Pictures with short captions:
────────────────

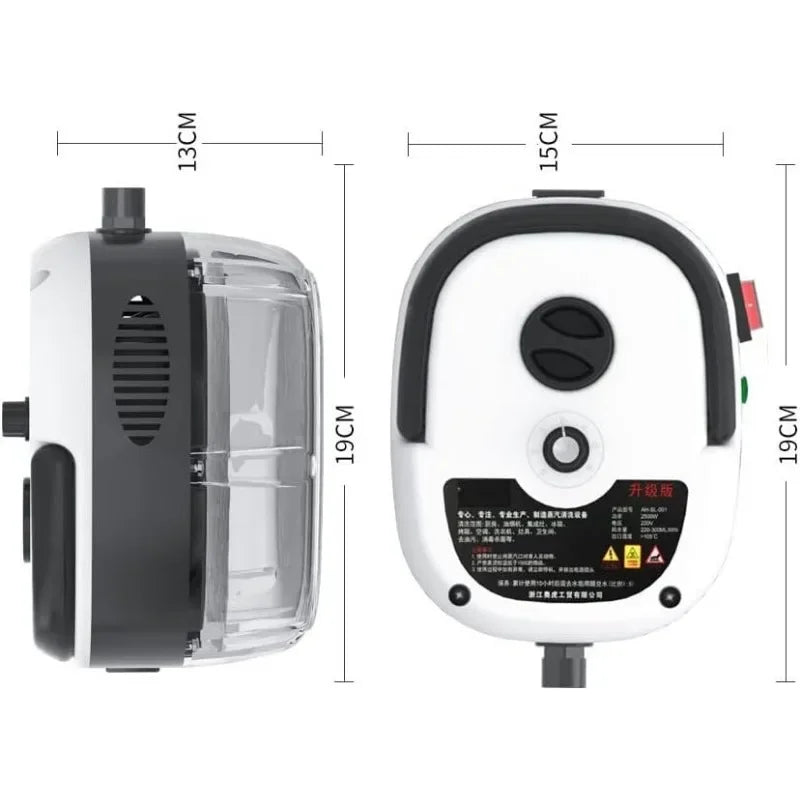 Limpiador de vapor de alta temperatura para el hogar, esterilización, aire acondicionado, capó de cocina, Limpiador de vapor para coche, enchufe US, EU, UK, AU, 2500W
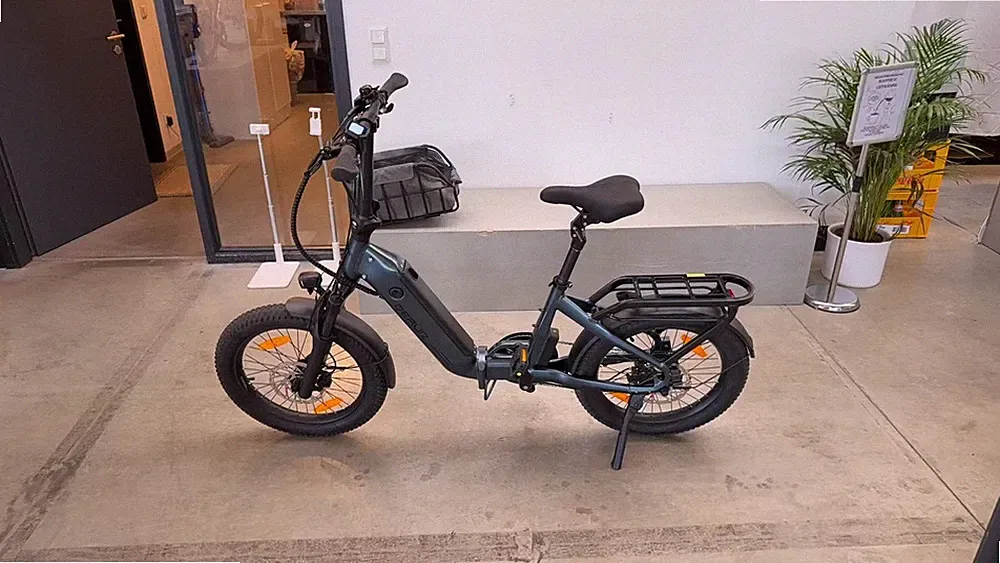 DERUIZ Elektrofahrrad Klapprad 20Zoll 500Wh E Bike Shimano 8G Pedelec Blue 98%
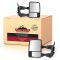 08-15 Ford SD PU Pwr Fold, Pwr Teles, Htd, Mem, Smoked Trn Sig & Clrnce Lite Chrome Tow Mirror Pair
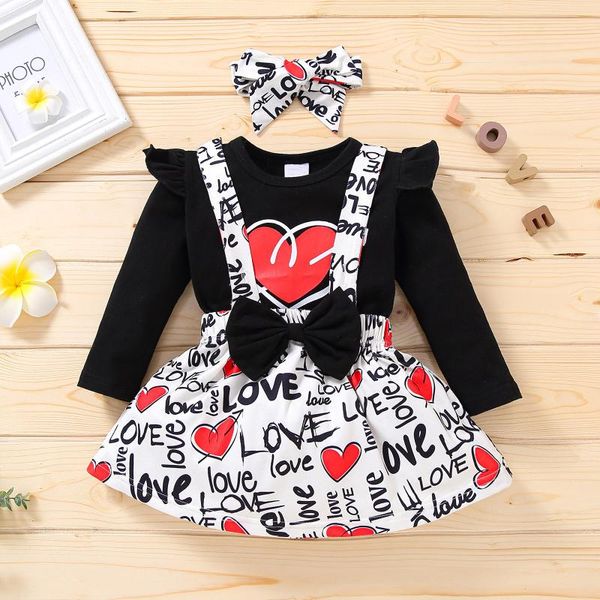 born baby girl clothes long sleeve valentine heart +bowknot suspender skirt set valentine's day kleding clothing sets, White
born baby girl clothes long sleeve valentine heart +bowknot suspender skirt set valentine's day kleding clothing sets, White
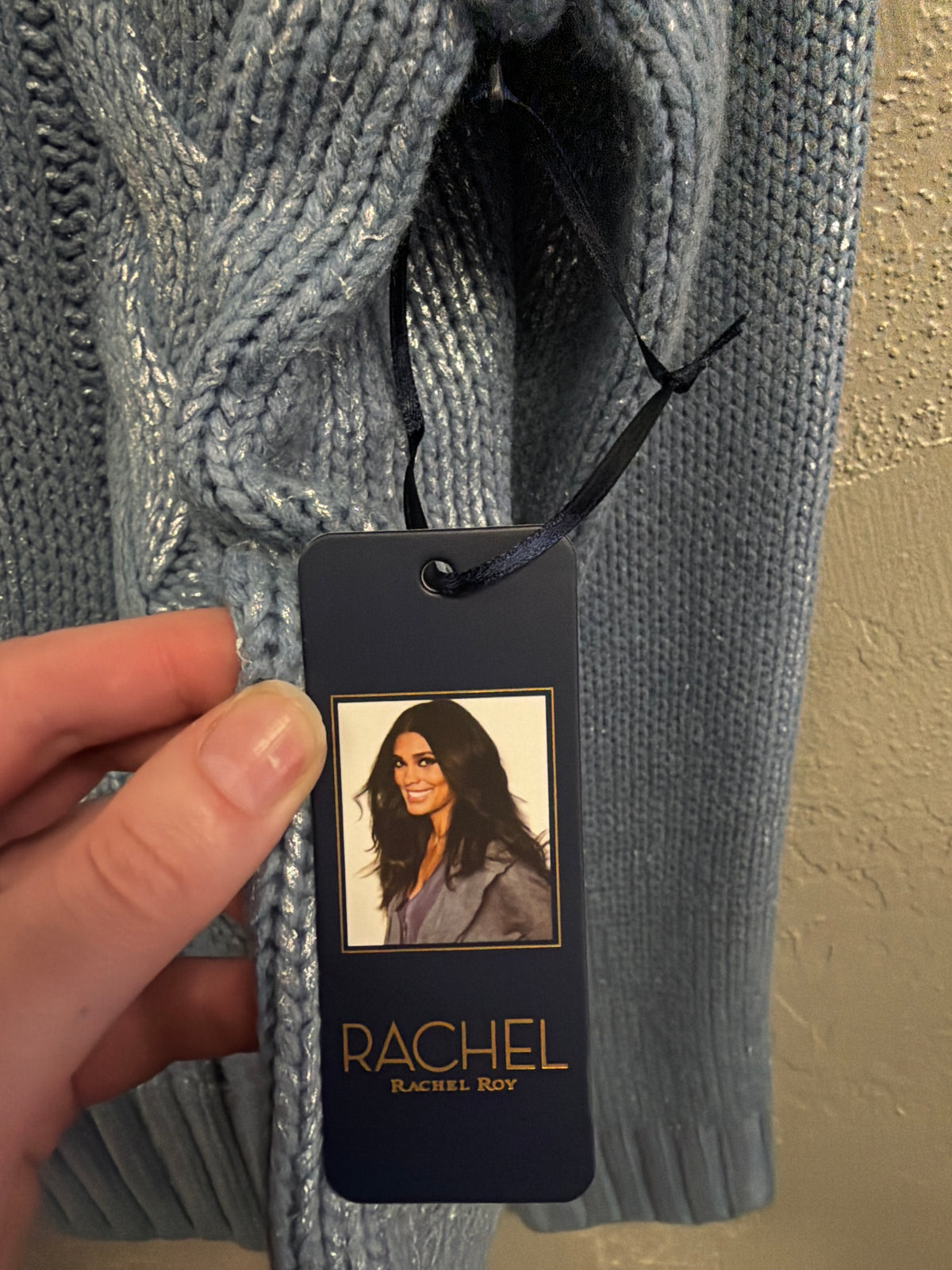 NWT Rachel Roy Metallic Sweater (org$99)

────────────────

What you should produce is an exact copy of the records, with the pictures left out.

» **Exercise response**
 Limpiador de vapor de alta temperatura para el hogar, esterilización, aire acondicionado, capó de cocina, Limpiador de vapor para coche, enchufe US, EU, UK, AU, 2500W
 DERUIZ Elektrofahrrad Klapprad 20Zoll 500Wh E Bike Shimano 8G Pedelec Blue 98%
 08-15 Ford SD PU Pwr Fold, Pwr Teles, Htd, Mem, Smoked Trn Sig & Clrnce Lite Chrome Tow Mirror Pair
 born baby girl clothes long sleeve valentine heart +bowknot suspender skirt set valentine's day kleding clothing sets, White
born baby girl clothes long sleeve valentine heart +bowknot suspender skirt set valentine's day kleding clothing sets, White
 NWT Rachel Roy Metallic Sweater (org$99)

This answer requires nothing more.